Cell culture and transfection

HEK293 cells were cultured in Dulbecco’s modified Eagle’s medium (DMEM) supplemented with 10% fetal bovine serum (FBS), l-glutamate, and penicillin-streptomycin in a humidified incubator supplemented with 5% CO2. The day before transfection, cells were counted and then seeded in six-well plates. Cells were transfected with appropriate plasmid(s) using Mirus Trans-IT HEK293 transfection reagent according to the manufacturer’s protocol.

Immunofluorescence

Whole thymi were harvested and gently washed with phosphate-buffered saline (PBS) and fixed in 2% paraformaldehyde (PFA) for 2 hours. Fixed tissues were dehydrated overnight with 30% sucrose and embedded in optimal cutting temperature compound. Twenty-five-micrometer sections were cut and air-dried for 1 hour or stored at −80°C. Dried sections were blocked for an hour using BlockAid (Life Technologies) and stained with KRT10, KRT5, KRT8, Aire, rabbit polyclonal RFP, or DCLK1 primary antibodies (table S1) diluted in BlockAid overnight in a humidified chamber at 4°C. Sections were washed with PBS and stained with 1:10,000 4′,6-diamidino-2-phenylindole (DAPI; 5 mg/ml stock) in PBS. Secondary antibody staining for unconjugated Krt8 was done with goat anti-rabbit A488 (2 mg/ml stock) at 1:1000 in BlockAid for 2 hours in a humidified chamber at room temperature. Secondary antibody staining for RFP was done with anti-rabbit A647 (2 mg/ml stock) at 1:1000 in BlockAid for 2 hours in a humidified chamber at room temperature. Stained thymus sections were then mounted using ProLong Diamond antifade mount (Thermo Fisher Scientific) and imaged on the SP5 Leica confocal microscope. Images were analyzed using Fiji (based on ImageJ2). Transfected HEK293 cells were grown on circular glass coverslips at the bottom of six-well tissue culture–treated plates at a concentration of 2 million to 4 million cells per well. Immunofluorescence of transfected HEK293 cells was performed by carefully removing coverslips with fine-tipped forceps to six-well tissue culture–treated plates containing PBS. The cover slips were then removed and blocked for 1 hour with BlockAid and stained with primary antibodies for 2 hours in a humidified chamber. After staining with secondary antibodies and DAPI, the cover slips were mounted on slides with ProLong Diamond antifade mount. The slides were then imaged on the SP5 Leica confocal microscope and analyzed using Fiji.
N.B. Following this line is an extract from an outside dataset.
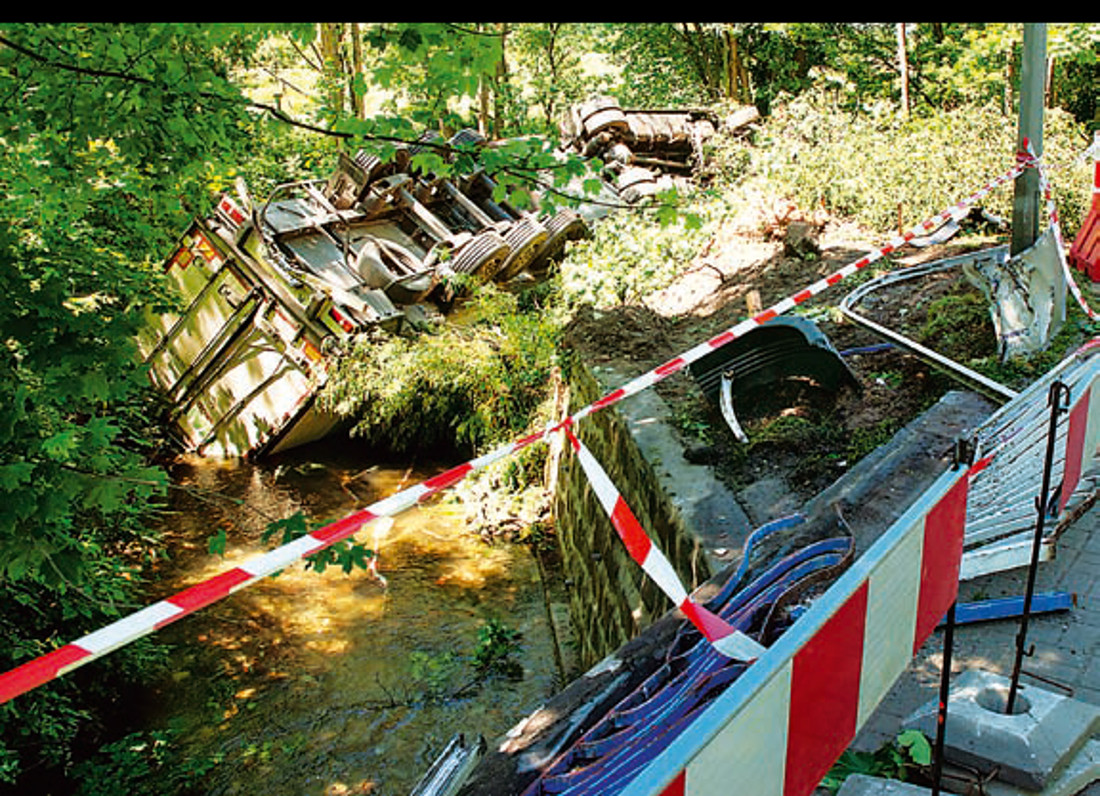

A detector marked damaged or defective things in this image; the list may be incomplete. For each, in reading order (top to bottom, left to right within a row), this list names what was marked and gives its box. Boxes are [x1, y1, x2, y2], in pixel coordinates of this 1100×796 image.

Imaris quantitative image analysis

To measure the volumes of tuft cell aggregates, images from thymic sections were taken on the SP5 Leica confocal microscope and imported to be analyzed in Bitplane’s Imaris 9.6 with the Filament Module software package. Thresholds of intensities and surface volumes of the three-dimensional segments were used to filter the images’ voxels, and volumes of tuft cells were subsequently measured. Surface volumes > 5 (1 × 104 μm3) were measured to be recognized as a tuft cell aggregate.

Immunohistochemistry

Whole thymi were dehydrated overnight in 70% EtOH and were embedded in paraffin. The sections were then faced and chilled overnight at 4°C. Subsequent sections (5 μm) were cut on the microtome (Leica Biosystems) and dried for 2 hours. After drying, the sections were baked for an hour to remove excess paraffin and were deparaffinized and rehydrated. Antigen retrieval was done using a citrate-based antigen retrieval solution (Biogenex Laboratories), and endogenous peroxidase activity was quenched with 3% H2O2. The sections were then blocked with 10% FBS in 0.2% Tween 20 in PBS and incubated with primary antibody overnight (table S1). Next, the sections were incubated with biotinylated anti-rabbit secondary in a humidified chamber at room temperature. VECTAS-TAIN Elite ABC system (Vector Laboratories) was used to introduce the peroxidase enzyme and 3,3’-diaminobenzidine (DAB) reagent (Vector Laboratories) to brown our antigen of interest. Sections were counterstained with hematoxylin (MilliporeSigma), dehydrated, and mounted using Cytoseal mounting media (Thermo Fisher Scientific).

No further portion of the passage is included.